Posted on 15 February, 2018 at 11:55


Some of the most senior female executives in the US music industry have co-signed a letter which heavily criticizes Grammys organizer the Recording Academy for being “woefully out of touch with today’s music, the music business, and even more significantly, society”.


The letter, which arrives in the wake of a flurry of controversy surrounding the 2018 Grammys and its lack of female representation, is signed by Jody Gerson (CEO of Universal Music Publishing Group), Julie Greenwald (Atlantic Records COO/Chairman), Sylvia Rhone (President, Epic Records), Julie Swidler (EVP/General Counsel, Sony Music), Michele Anthony (EVP, Universal Music Group) and Desiree Perez (COO of Roc Nation).


According to the New York Times, it calls on the Academy’s board to ensure the organization and its key event become more inclusive and transparent.


Criticism of the Grammys began before the ceremony even took place (January 28), after a report suggested that the Recording Academy had declined to offer Album Of the Year nominee Lorde the chance to perform her own song on the televised segment of the show.


The volume of this criticism then increased dramatically when Recording Academy chief Neil Portnow used an incendiary phrase during an interview – in which he called on female executives and musicians to “step up” to the higher echelons of the industry.


“It has to begin with… women who have the creativity in their hearts and souls, who want to be musicians, who want to be engineers, producers, and want to be part of the industry on the executive level,” said Portnow.
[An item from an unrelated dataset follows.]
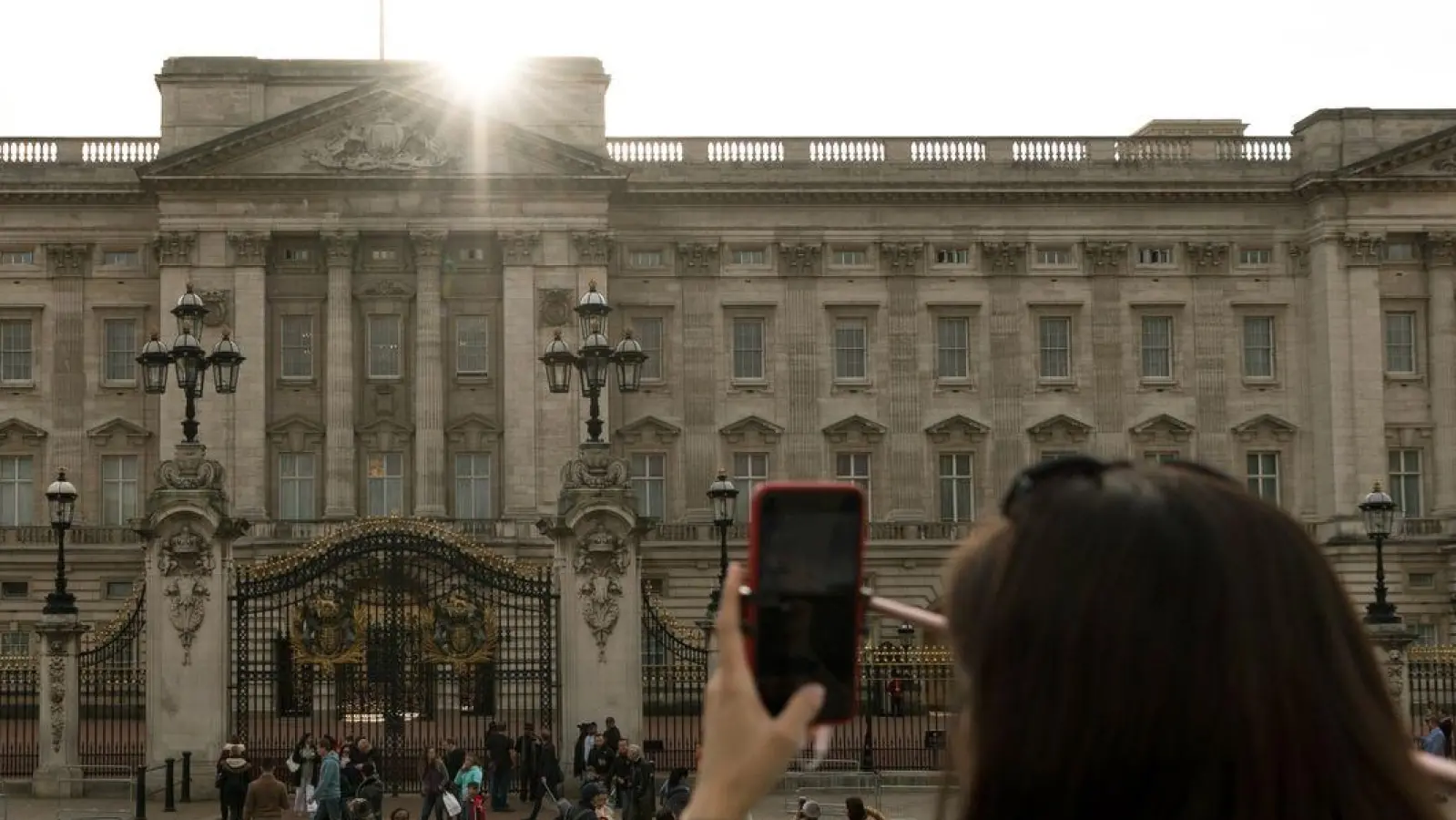 „Roam like at home“: Datenroaming wird in den EU-Staaten zu den gleichen Konditionen wie im Heimatland angeboten. Und das soll auch 2024 noch für Großbritannien gelten. (Foto: Monika Skolimowska/dpa-Zentralbild/dpa-tmn)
“[They need] to step up because I think they would be welcome.”


“NEIL PORTNOW’S COMMENTS ARE NOT A REFLECTION OF BEING ‘INARTICULATE’ IN A SINGLE INTERVIEW. THEY ARE, UNFORTUNATELY, EMBLEMATIC OF A MUCH LARGER ISSUE WITH THE [RECORDING ACADEMY] ORGANIZATION AS A WHOLE ON THE BROADER SET OF INCLUSION ISSUES ACROSS ALL DEMOGRAPHICS.”


Today’s letter, addressed to the Recording Academy’s board of trustees, stops short at calling for Portnow’s resignation.


However, it reads: “Neil Portnow’s comments are not a reflection of being ‘inarticulate’ in a single interview. They are, unfortunately, emblematic of a much larger issue with the [Recording Academy] organization as a whole on the broader set of inclusion issues across all demographics.”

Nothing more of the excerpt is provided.